Un député malaisien estime que les fillettes de 12 ans peuvent se marier, notamment après un viol

Un député malaisien estime que les fillettes de 12 ans peuvent se marier, notamment après un viol
Une polémique a éclaté après qu'un député malaisien a tenu des propos sur le mariage des enfants

Lors des débats, au Parlement de Malaisie, autour d'un texte visant à lutter contre les agressions sexuelles sur mineurs, un député a estimé que si les fillettes violées épousaient leurs agresseurs, elles s'épargneraient «un avenir sombre».

Le 4 avril, en marge d'un débat parlementaire sur une loi pour combattre les agressions sexuelles sur enfants, le député malaisien Datuk Shabudin Yahaya a émis une «suggestion» pour le moins particulière, rapporte The Guardian : tout en admettant que le viol était un crime, il a considéré qu'un mariage entre l'agresseur et sa victime pouvait éviter à cette dernière «un avenir sombre».

«Au moins, elle aurait ainsi un mari, et cela pourrait servir de remède contre l'augmentation de ces problèmes», a estimé le député, ancien juge chargé d'appliquer la charia.

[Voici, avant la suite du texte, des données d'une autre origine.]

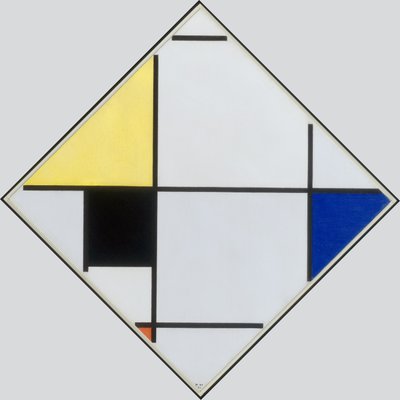 Pastilková kompozice se žlutou, černou, modrou, červenou a šedou, 1921 od Piet Mondrian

Selon lui, les jeunes filles de 12 ans seraient en effet «spirituellement et physiquement» prêtes pour le mariage. 

Les propos du député ont suscité une vague d'indignation dans l'assistance. Sharmila Sekaran, présidente de l'association de défense des droits des enfants Voice of the Children, était présente au moment où le parlementaire a tenu ces propos qu'elle a qualifiés de «choquants». «Le message envoyé au pays est très préoccupant», a-t-elle ajouté, soulignant que cela revenait à dire : «Allez violer qui vous voulez, et si vous vous faites attraper, demandez-la en mariage.»

Dans la région du Penang, dont Datuk Shabudin Yahaya est élu, ses déclarations ne sont pas non plus passées inaperçues. Le ministre de cet Etat de l'ouest de la Malaisie a exprimé sa «honte», comparant cette polémique à une «tache noire».

Si les propos du député ont défrayé la chronique, les différentes associations de lutte pour les droits des enfants se sont félicitées de l'adoption, en fin de séance à l'Assemblée, du texte de loi qui y était débattu. Celui-ci devrait, selon Sharmila Sekaran, assurer «une meilleure protection légale aux enfants».